Where a line contains "Connect 4 with electric counter", begin there and restate word for word every line to the end of the entries below, pictures excluded.
[Opening Input data section]
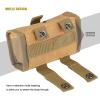 10 Round Shotgun Shotshell Reload Belt Holder Carrier Tactical Molle Ammo Pouch for 12 Gauge/20G (Khaki) view 3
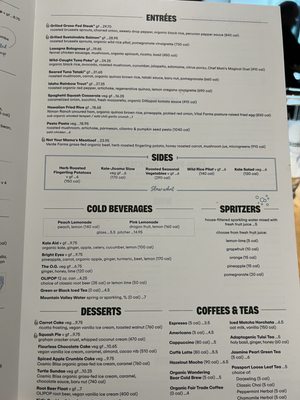 Menu photo 4 True Food Kitchen Plano, TX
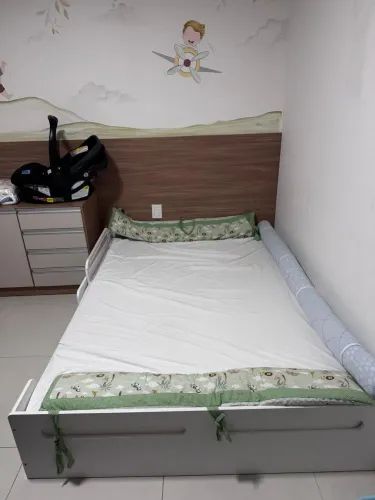 Cama Montessori e Colchão Casal Emma One Plus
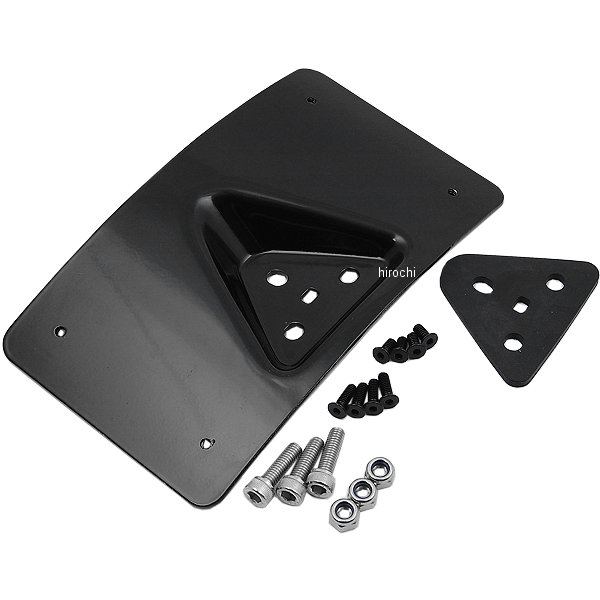 ナンバープレートマウント ラディウス 黒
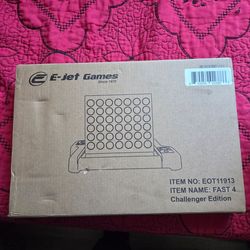 Connect 4 with electric counter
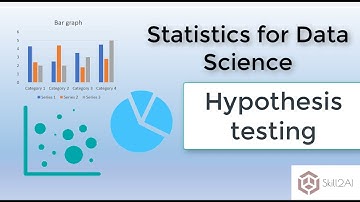 Hypothesis Testing | Statistics for Data Science | Statistics tutorial for machine learning  2020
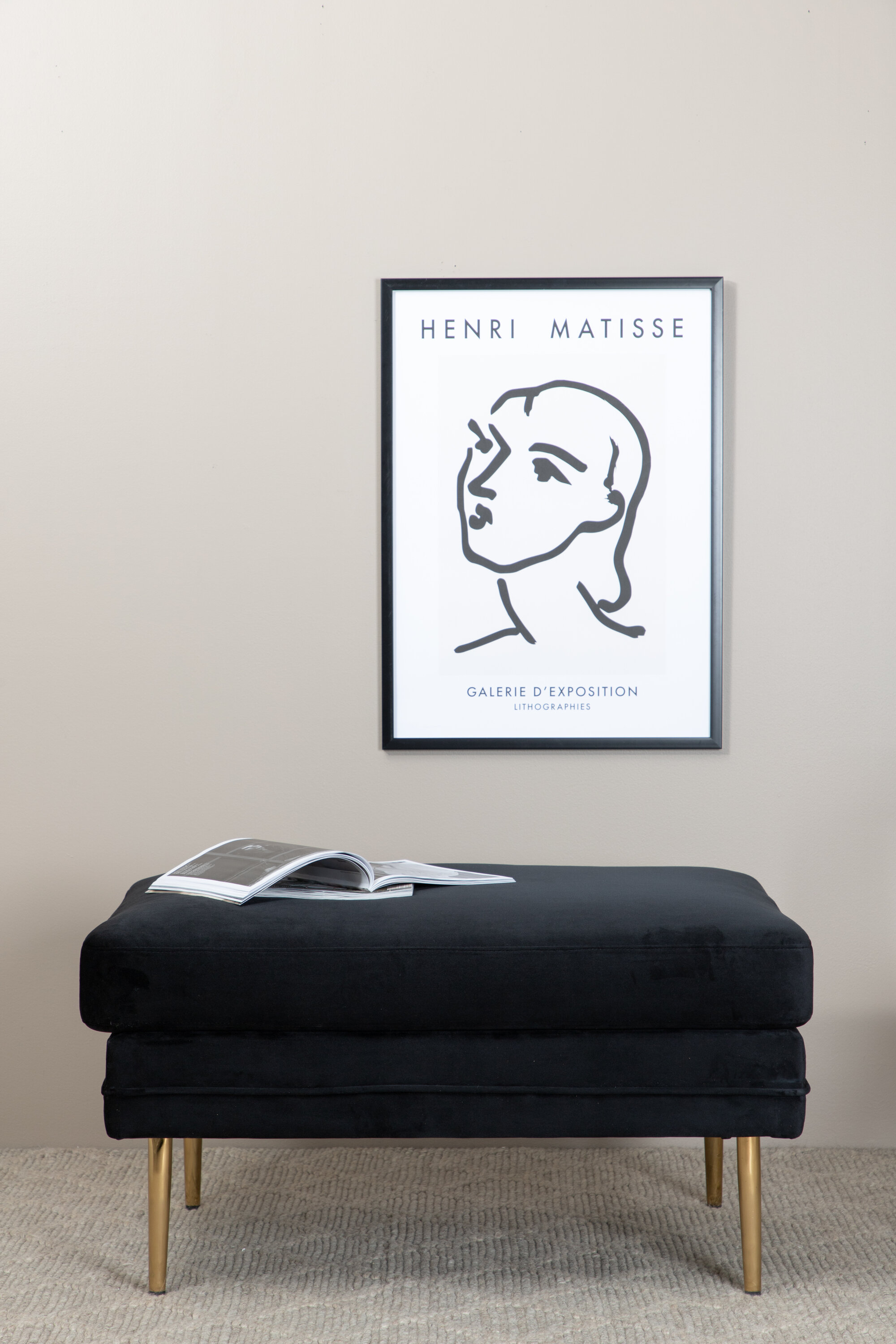 deLOHN Boom Lábtartós puff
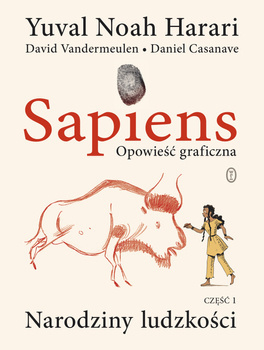 Sapiens. Opowieść graficzna, Yuval Noah Harari, David Vandermeulen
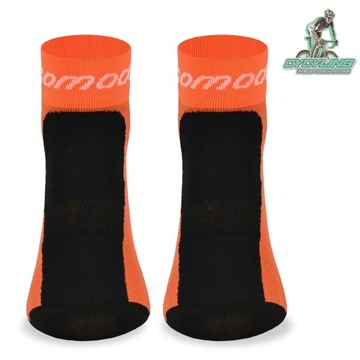 Wygodne techniczne skarpetki na rower Comodo STB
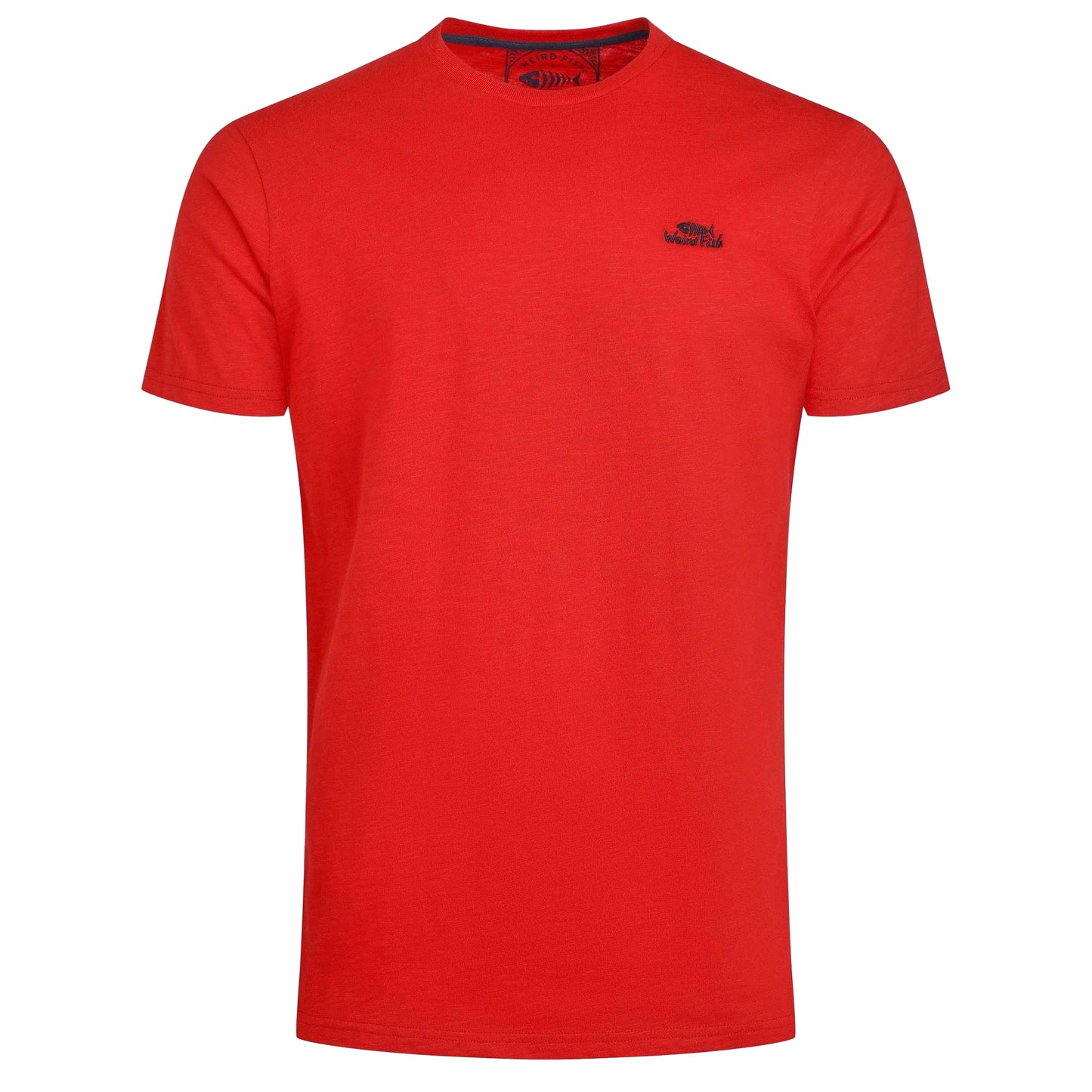 Retro Red - Front - Weird Fish Mens Fished Branded T-Shirt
[Closing Input data section]
● **Solution for this exercise**:
 Connect 4 with electric counter
 Hypothesis Testing | Statistics for Data Science | Statistics tutorial for machine learning  2020
 deLOHN Boom Lábtartós puff
 Sapiens. Opowieść graficzna, Yuval Noah Harari, David Vandermeulen
 Wygodne techniczne skarpetki na rower Comodo STB
 Retro Red - Front - Weird Fish Mens Fished Branded T-Shirt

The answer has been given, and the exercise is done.